A campanha que antecedeu a morte
Meses antes, Anas Al-Sharif já vivia sob mira. Em julho, o porta-voz em árabe da IDF, Avichay Adraee, lançara uma ofensiva digital contra ele. Acusou-o falsamente de integrar as Brigadas Al-Qassam desde 2013, desvalorizou a sua reportagem sobre a fome como “drama encenado” e apelidou-o de “porta-voz do terrorismo intelectual”. O CPJ alertou: estas acusações criavam “consentimento para matar” o jornalista.
As ameaças eram também privadas e diretas: mensagens no WhatsApp, geolocalização revelada, ordens para abandonar o norte de Gaza. Em dezembro de 2023, um bombardeamento israelita destruiu a casa da sua família no campo de refugiados de Jabalia, matando o pai, Jamal, demasiado debilitado para fugir.
Mesmo assim, Anas não recuou. Em julho de 2025 disse ao CPJ: “Vivo com o sentimento de que posso ser bombardeado e martirizado a qualquer momento.” Em abril, deixou agendada uma mensagem póstuma: “Se estas palavras vos chegarem, saibam que Israel conseguiu matar-me e silenciar a minha voz… Não se esqueçam de Gaza.”
A lei e o estatuto de jornalista
O Direito Internacional Humanitário é claro: jornalistas são civis e gozam de proteção especial (Artigo 79 do Protocolo Adicional I às Convenções de Genebra). Só perdem esse estatuto se participarem diretamente nas hostilidades — algo que exige prova inequívoca, ato concreto e ligação causal ao dano militar.
No caso de Al-Sharif, Israel não apresentou provas verificáveis. O padrão histórico pesa: acusações semelhantes contra outros jornalistas mortos em Gaza foram repetidamente desmontadas por organizações como a Repórteres Sem Fronteiras e as Nações Unidas. A escolha de atacar uma tenda identificada como de imprensa levanta sérias questões de proporcionalidade e precaução, pilares do DIH.
Gaza: o conflito mais letal para jornalistas
Entre outubro de 2023 e agosto de 2025, morreram pelo menos 189 jornalistas, segundo a Federação Internacional de Jornalistas — quase todos palestinianos. Autoridades de Gaza falam em 232. Mais de 80 foram presos, dezenas ficaram feridos e 183 perderam casas. Nunca houve nada assim: nem nas duas Guerras Mundiais, nem no Vietname, nem no Afeganistão.
Metade das mortes ocorreu em residências, muitas vezes com famílias inteiras, e há registos de ataques a jornalistas com coletes identificados, a tendas de imprensa e a escritórios.
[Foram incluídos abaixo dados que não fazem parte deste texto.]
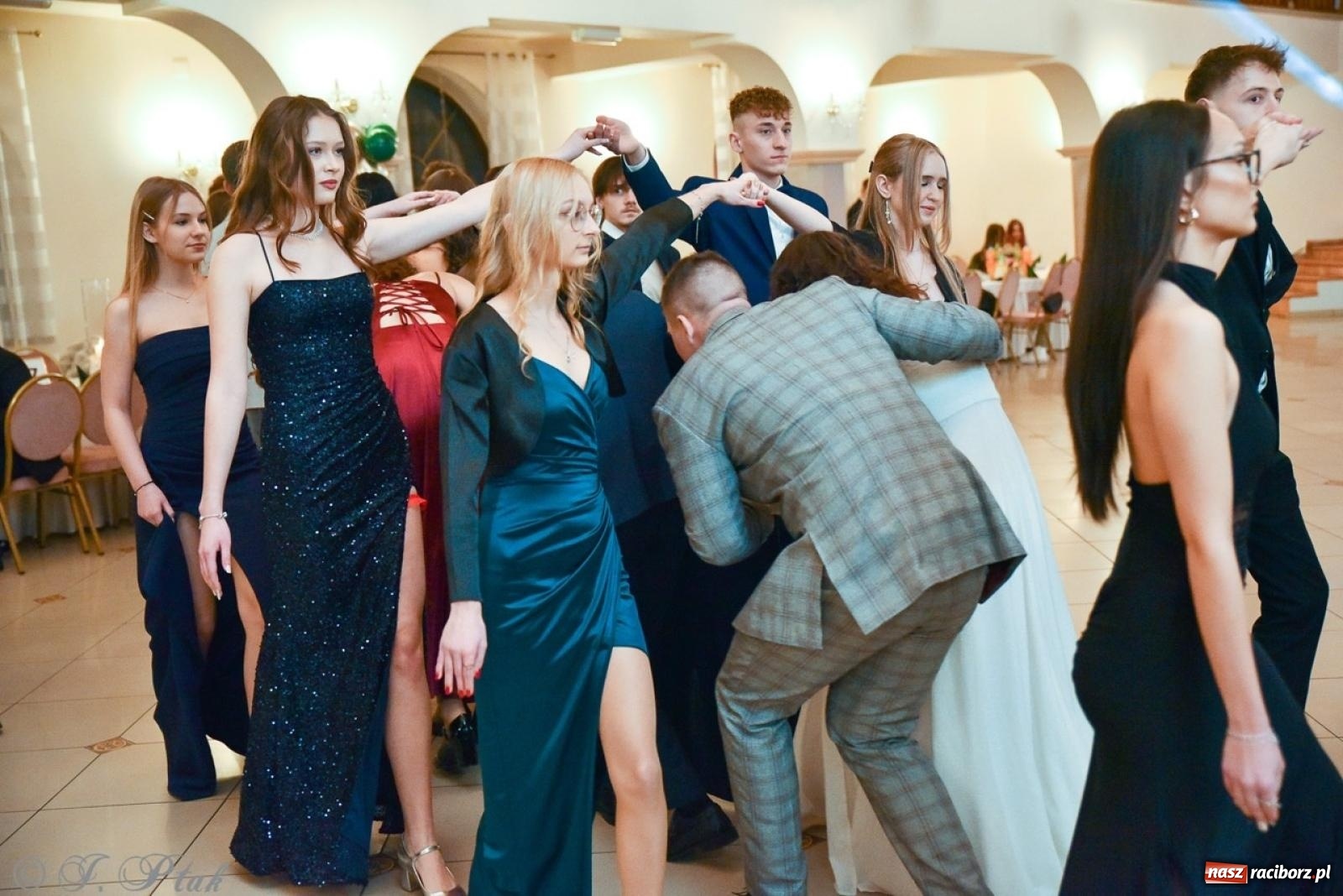 Zdjęcie w galerii na portalu naszraciborz.pl: Studniówka I LO i Liceum Sztuk Plastycznych na bis! wiadomości z regionu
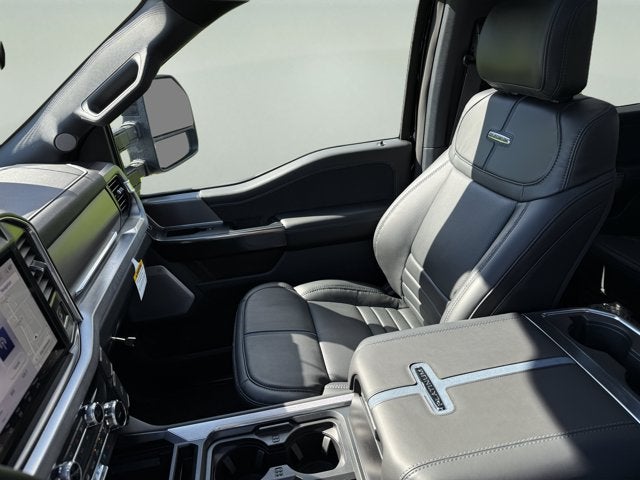 2027 Ford Super Duty F-250 SRW Platinum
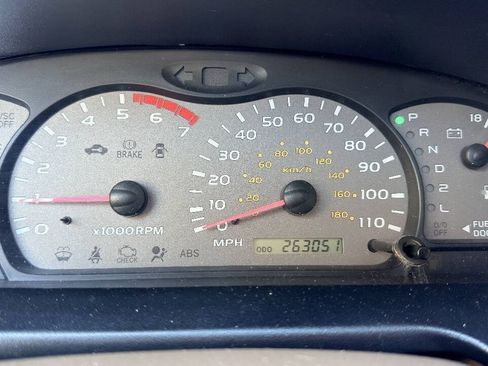 Used 2002 Toyota Sequoia Limited AWD/4WD image 8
O bloqueio israelita à entrada de repórteres estrangeiros amplifica o risco: os poucos jornalistas locais que restam tornam-se os únicos olhos do mundo — e, por isso, alvos maiores.
Impunidade e respostas tímidas
A ONU, o CPJ e a IFJ condenaram o ataque. Governos aliados de Israel expressaram preocupação, mas evitaram romper alianças estratégicas. No Conselho de Segurança, os EUA vetaram ações vinculativas.
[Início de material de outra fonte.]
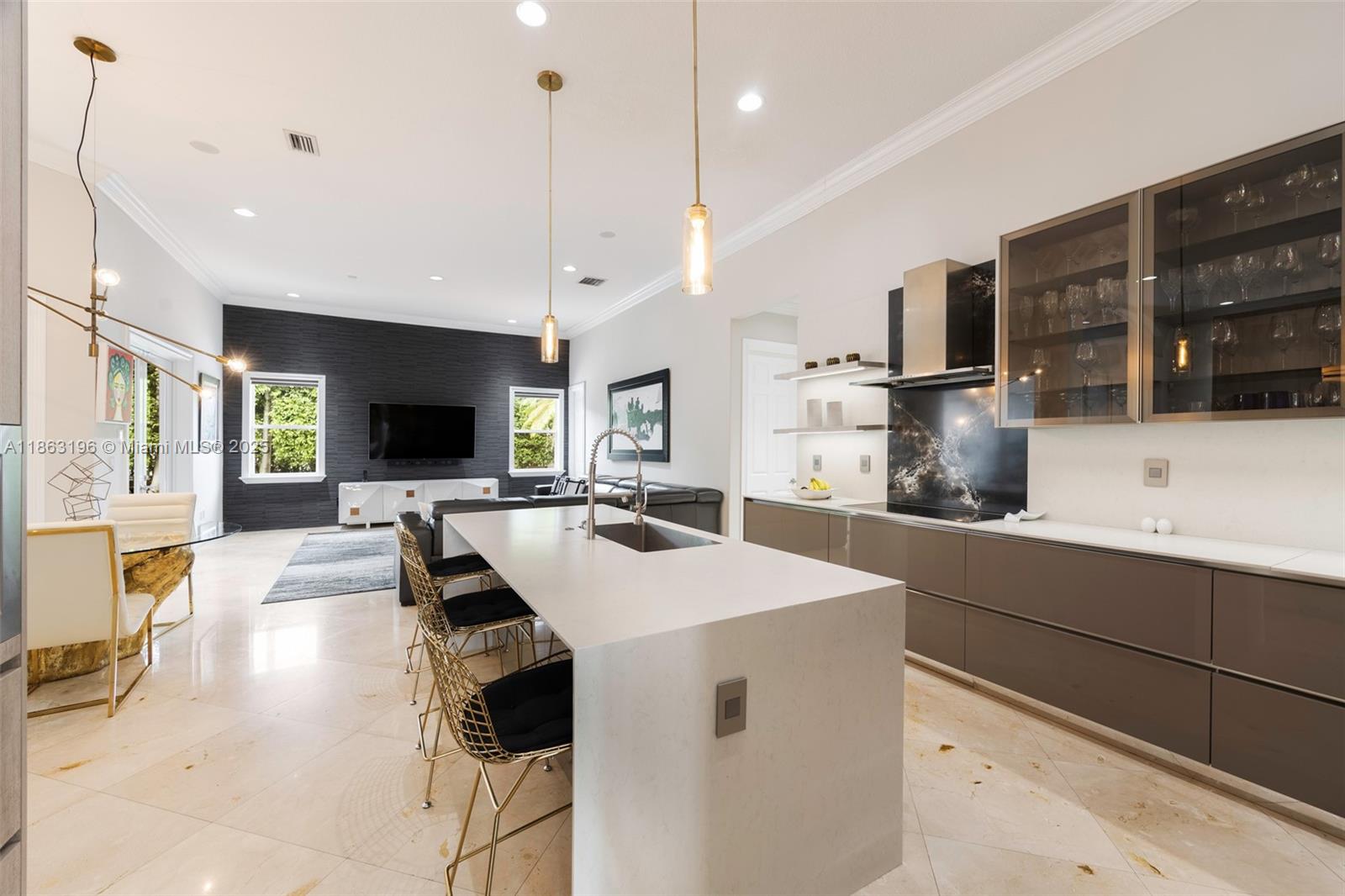 9445 SW 68th St Miami, FL 33173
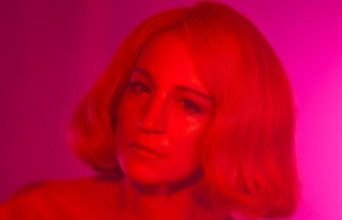 Η Στεφανία Γουλιώτη πρωταγωνιστεί στο «The Second Woman» στη Στέγη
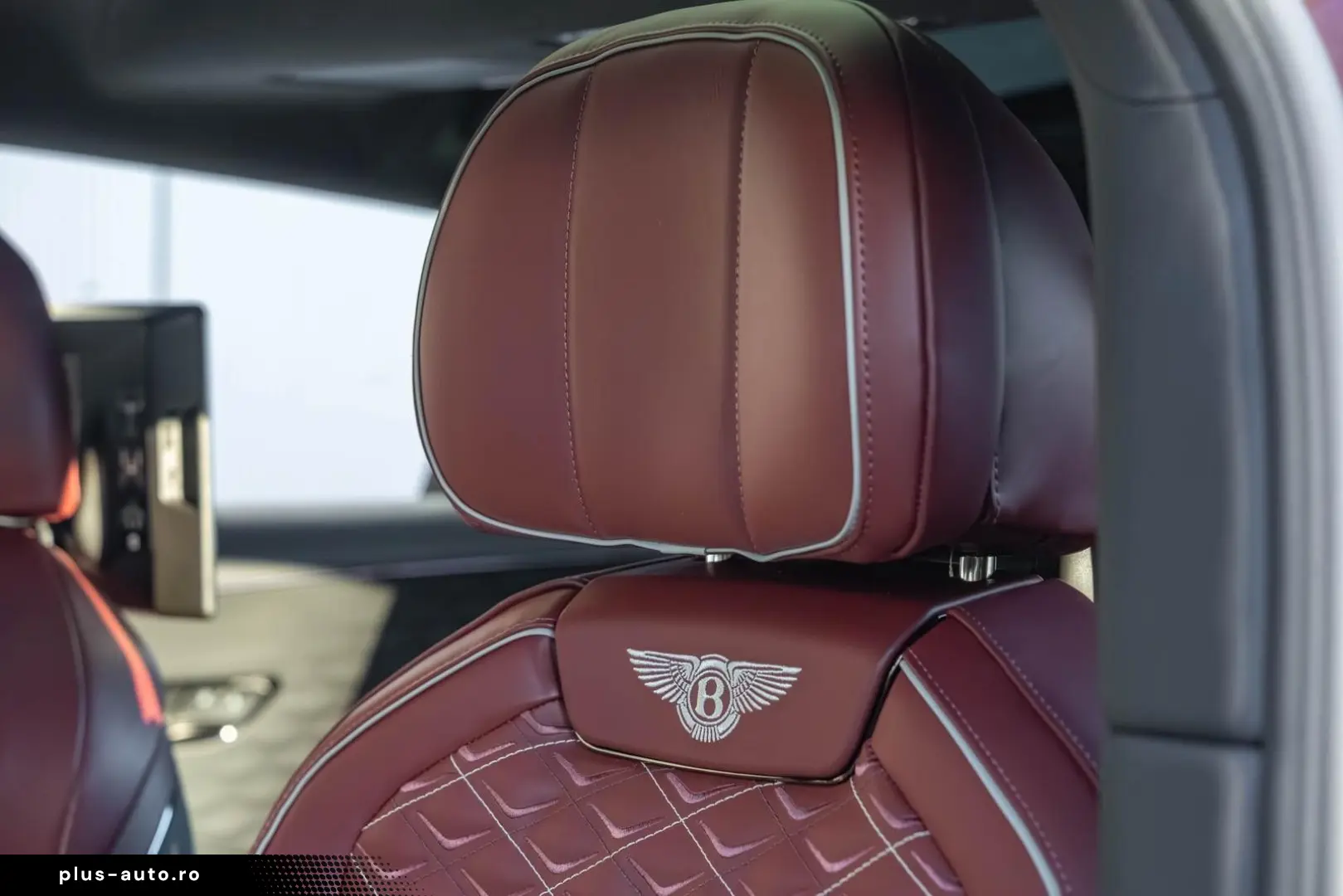 BENTLEY Flying Spur Mulliner   BESPOKE 2-Tone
O precedente de Shireen Abu Akleh, morta em 2022 por fogo israelita sem que houvesse qualquer responsabilização, reforça o padrão de impunidade. Desde 2001, 20 jornalistas foram mortos por militares israelitas sem que alguém fosse acusado.
Caminhos para a responsabilização
O Tribunal Penal Internacional investiga crimes na Palestina e pode enquadrar o assassinato de jornalistas como crime de guerra. A jurisdição universal é outra via, ainda que politicamente difícil. Organismos da ONU poderiam criar comissões de inquérito específicas. E os Estados signatários das Convenções de Genebra têm obrigação legal de “assegurar o respeito” pelo DIH, não apenas de o invocar.
Epílogo: a voz que não se cala
O caso de Anas Al-Sharif expõe a erosão das normas internacionais que deveriam proteger civis e jornalistas. O silêncio ou a hesitação da comunidade internacional são, na prática, permissões tácitas para que se repitam crimes.
O último pedido de Anas — “Não se esqueçam de Gaza” — não é apenas memória. É um teste à nossa capacidade de proteger quem arrisca a vida para contar a verdade.